As a full-frame compact camera that’s only slightly bigger than a regular compact, the all-new Sony RX1 looks set to take the Japanese electronics giant into new territory – the sort of territory that, until now, has been occupied by the £4.5k Leica M9 and, to a lesser extent, by the more affordable albeit APS-C equipped Fujifilm X100 (£800). Given that pre-order prices for the 24.3MP Sony RX1 are coming in at around half that, it certainly looks like something that could give Leica a run for its money, but will it offer enough to justify the extra cost compared to the X100?
We’ve been fortunate enough to gain some hands-on time with a Sony RX1 sample, although sadly it didn’t have any batteries so we were unable to fire it up. We did, however, manage to get some good first impressions about what this potentially groundbreaking camera has to offer.
Picking it up for the first time the first thing that struck us was just how small the camera is overall – especially when you consider the size of the sensor inside. That said, owing to the fast f/2 lens the RX1 is fitted with it’s too big overall to slip inside anything but the biggest of coat pockets, which does kind of put paid to Sony’s claim that it offers ‘full-frame in your pocket’. However, the fact that the RX1 is able to sit neatly in the palm of your hand is testament to the engineering feat that Sony has pulled off. Given the wide-aperture lens and high-quality metal body of the RX1, it was surprisingly lighter than we expected too.
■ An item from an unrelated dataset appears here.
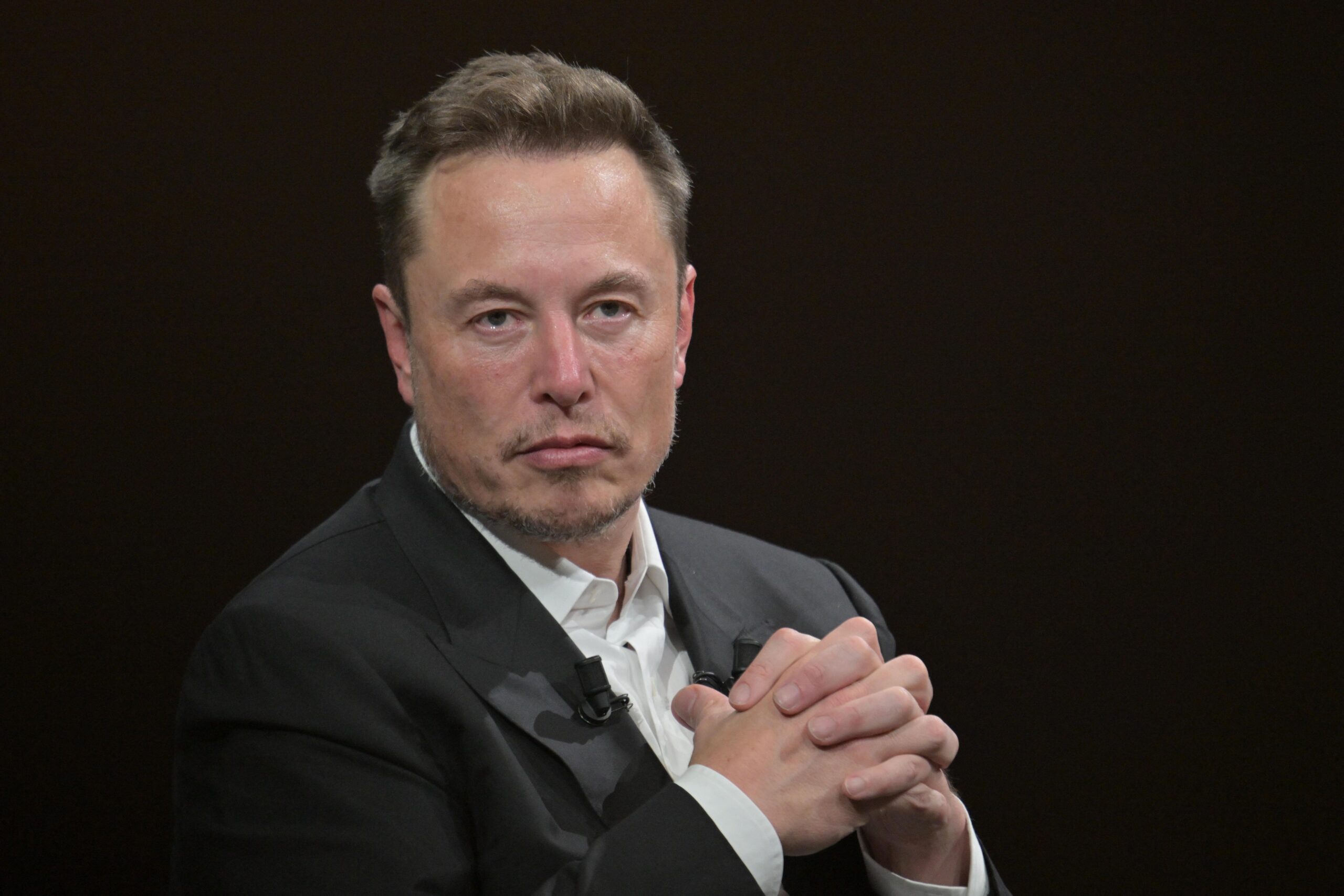 découvrez comment elon musk influence la désinformation sur les réseaux sociaux, son impact sur l'opinion publique et les enjeux liés à la diffusion de fausses informations.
In terms of design the RX1 is remarkably similar to the recently launched RX100, with curved edges and a flat top-plate (that reminds us, to a certain extent, of Samsung’s NX range). There are a few subtle differences between the two Sony models, however, that help to distinguish the RX1 as an ultra-premium enthusiasts’ model and cement its position as the company’s flagship premium compact. For example, in addition to the mode dial on the top plate there’s also a dedicated exposure compensation dial. Given that the RX1 sports a 35mm, f/2 fixed lens, there’s obviously no need for a zoom control either. Internally, the major difference is that the RX1 uses a 24.3MP full-frame sensor, whereas the RX100 uses a 1in chip with an effective resolution of 20.9MP.
On the pre-production model we were able to get hands-on with we found that both the mode dial and EV compensation dial were quite stiff, and certainly firm enough to withstand accidental shifts – something that can sometimes be an annoying issue on other cameras with similarly placed dials. Indeed, some may even find that the extra effort that’s required to rotate either dial a little awkward. Then again, this could well have just been a pre-production quirk that Sony will iron out in full production models.
Another area where the RX1 and RX100 differ is with the design of the finger grip. Whereas the RX100 doesn’t get one at all, the RX1 sports a rubberised finish that wraps all the way around the side of the camera to the back, enabling you to cradle it more securely within you palm than you would otherwise. While this arrangement does improve overall grip, we’re somewhat surprised that Sony didn’t decide to implement something more substantial to wrap your digits around.
Unlike the two dials on the top plate, the rear command dial moves quite easily, as does the circular dial that surrounds the directional-pad, and which serves as the menu pad selector. Pressing the flash button located on the back of the camera just above the 3in, 1.23m-dot Xtra Fine display causes the pop-up flash to spring up promptly.
Overall, the general ergonomics of the RX1 are pretty spot on and it feels every inch the ultra-premium compact it’s positioned as. Of course, only a through test of a fully working sample can tell whether it has the performance and image quality to match though – keep your eyes peeled on TrustedReviews for our full review.
The Sony Cyber-shot RX1 is undoubtedly an exciting – if not particularly cheap – addition to the Sony range that will take the company into the same ultra-premium compact camera territory that Leica has made its own over the years. Without being able to switch our pre-production sample on we were only able to get a feel for the basic design and in this respect the new model certainly impresses. Hopefully we should be able to lay our hands on a full production review sample soon, so keep your eyes peeled for a full review in the next couple of months.